If I ran two conduits with the 15amp in one and 20 amp circuits in the other, (4 and 6 CCCs) I would derate the 14awg (15amp circuits) 90c wire from 25amps to 20amps (80%) and the 12awg (20amp circuits) 90c wire from 30amps to 24amps.

Does that make sense? Am I ok to do it that way? Do I need to do any adjustments for ambient temperatures in AZ being hotter than normal? The conduit will be in full shade 100% of the time.

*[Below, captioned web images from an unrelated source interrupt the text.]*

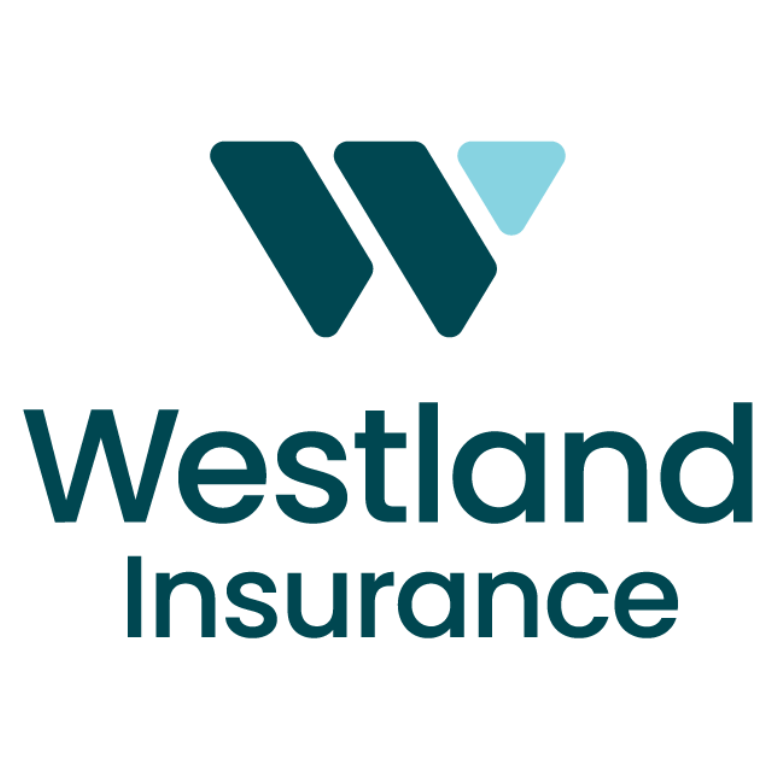 Westland Insurance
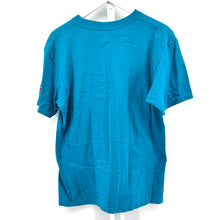 Supreme x Champion Chrome Logo Tshirt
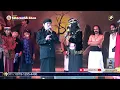 Download Lagu DEBAT PANAS AMINHERMAWAN VS SEIN BOY [Sandiwara Chandra sari]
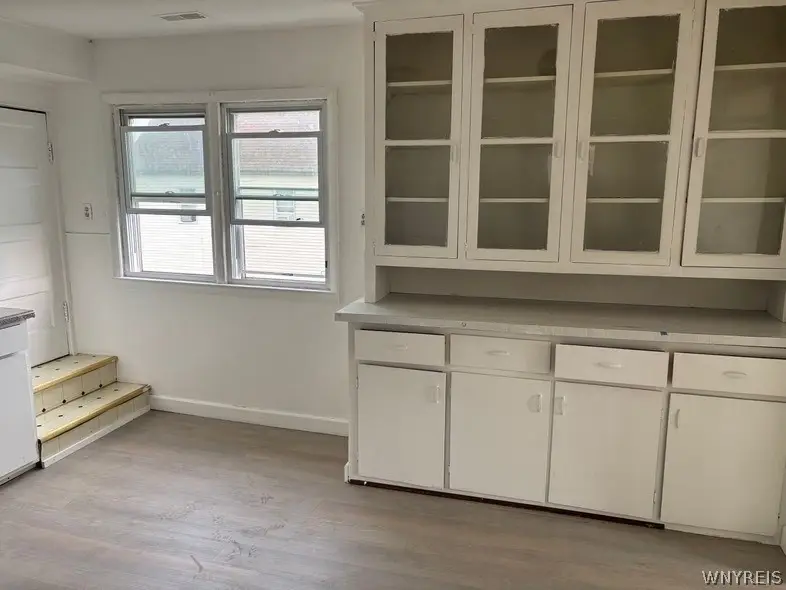 78 Center Street, Buffalo, NY 14218 - #3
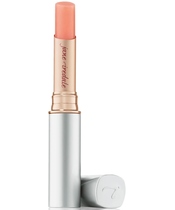Jane Iredale Just Kissed Lip & Cheek Stain 3 gr. - Forever Pink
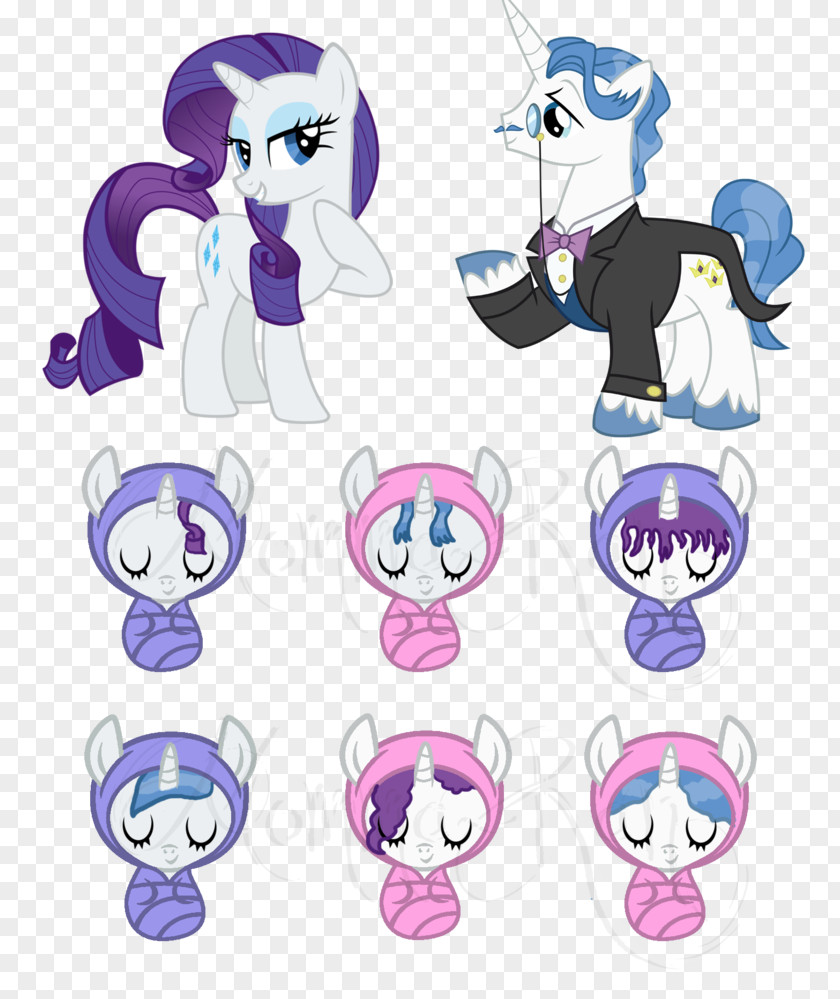 My Little Pony Rarity Pinkie Pie Rainbow Dash PNG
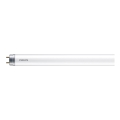 LED Świetlówka Philips T8 G13/16W/230V 3000K 120 cm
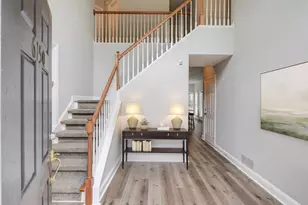 6150 Song Breeze Trce, Johns Creek, GA 30097 - Photo 5
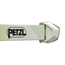 Petzl Actik Core Headlamp Green - Stirnlampe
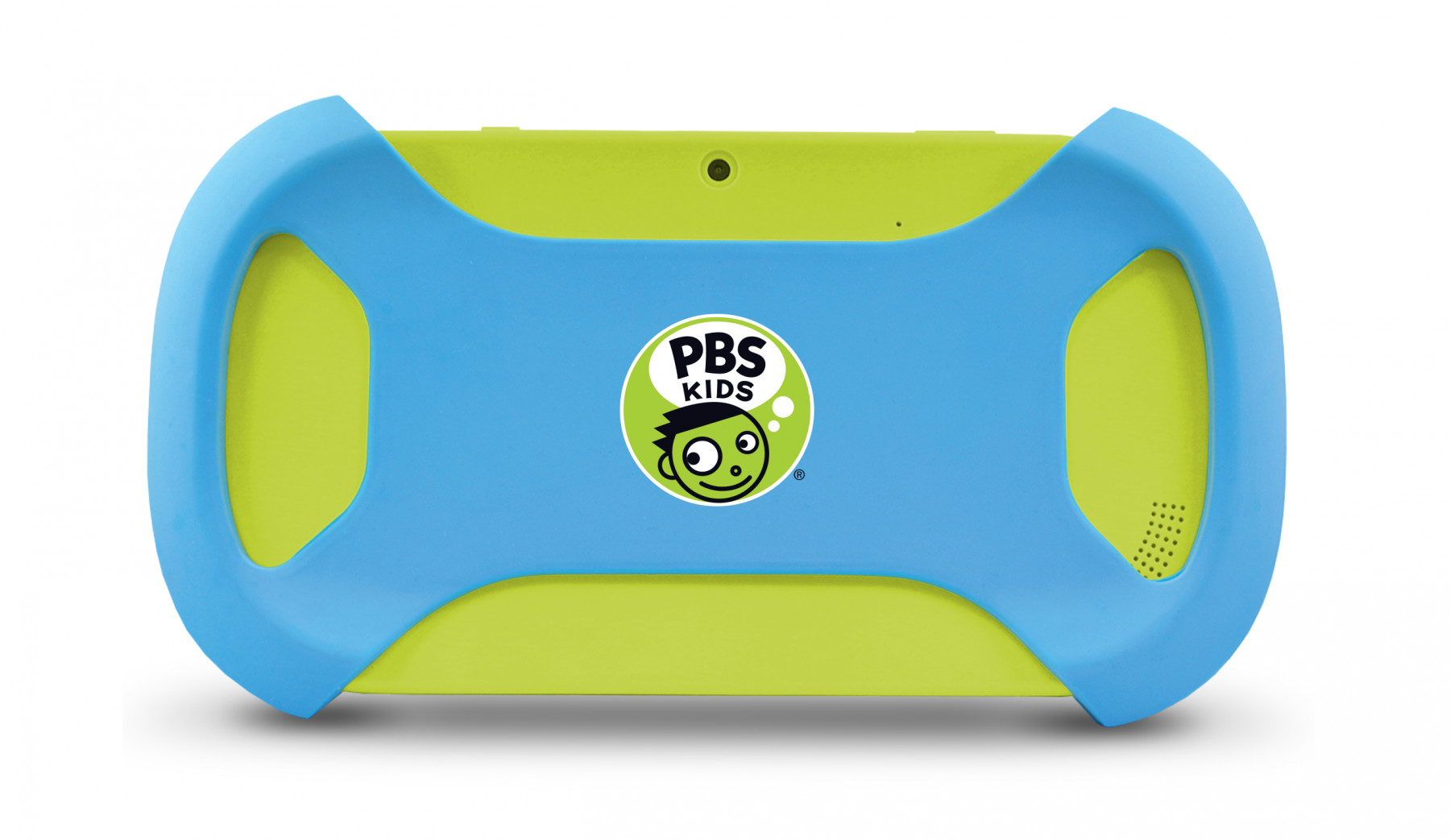Tablet Infantil Ematic Playtime Mod . Pbskd12 Pantalla 7 Pulgadas HD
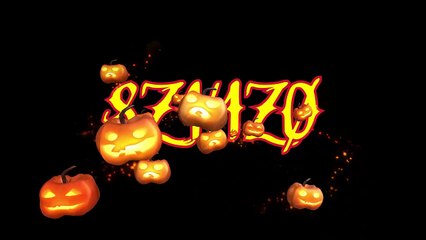 Szkízó ¦ Csapatsérülés (dalszöveges audió)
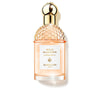 Aqua allegoria orange soleia eau de toilette -suihke 75 ml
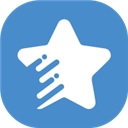 Stargon浏览器 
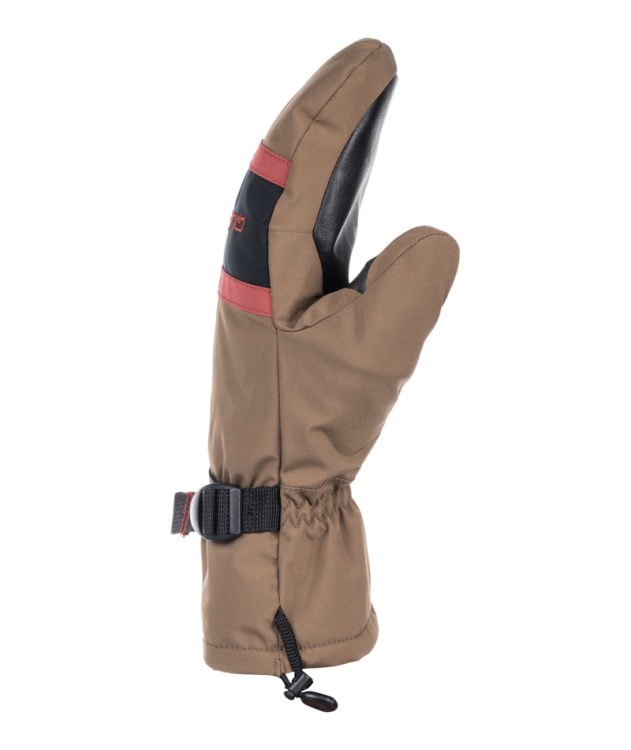 eqyhn03183_quiksilver,p_cpv0_frt2.png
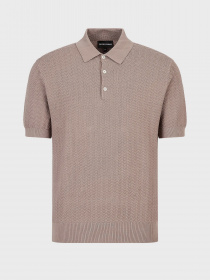 Джемпер Emporio Armani модель 3R1MXM-1MEXZ-0144 Фото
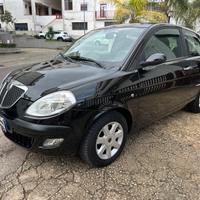 Lancia Ypsilon 1.2 GPL UNIPROPRIETARIO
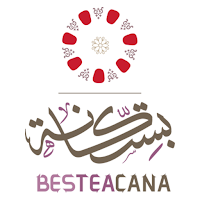 بستكانة | Besteacana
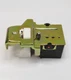 3 Terminal Headlight Dimmer Switch Standard Motor Product DS77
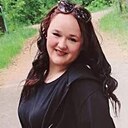Знакомства: Карина, 19 лет, Ляховичи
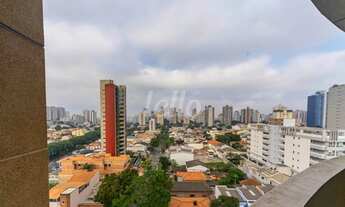 Imagem 2: Santo André - Apartamento Padrão - Jardim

I'm not crazy about doing a MCBW. My breaker box has one side completely full and the other has the 5 open slots for the circuits I want to add. My understanding of MCBW is that I would have to have the breakers in the MCBW on opposite sides of each other so the neutral wire would "phase" properly...if thats the right word. I'd rather not have to move any breakers from one side to the other, especially since I don't know anything about how the rest of the house is wired....other than its old. Service panel was upgraded about 4 years ago by a licensed electrician. I had nothing to do with it.


----------



## Jim Port

Most panels have alternating buss arranged ABAB in a vertical manner. A properly wired MWBC would have hots on both A and B.


----------



## Stubbie

Sounds fine using two conduits even if I adjust for a 122 F attic temp and 4 to 6 wires in conduit your still good on amperage.


----------



## curiousB

why not run 30' of 3/4" EMT?


----------



## Stubbie

curiousB said:


> why not run 30' of 3/4" EMT?


He doesn't want to use MWBC .... I'm not sure what your point is ?


----------



## curiousB

Stubbie said:


> He doesn't want to use MWBC .... I'm not sure what your point is ?


That's fine but two runs of 1/2" seems more work than one run of 3/4"


----------



## jbfan

curiousB said:


> That's fine but two runs of 1/2" seems more work than one run of 3/4"


With one pipe he has to derate to below a 15 amp and a 20 amp breaker.


----------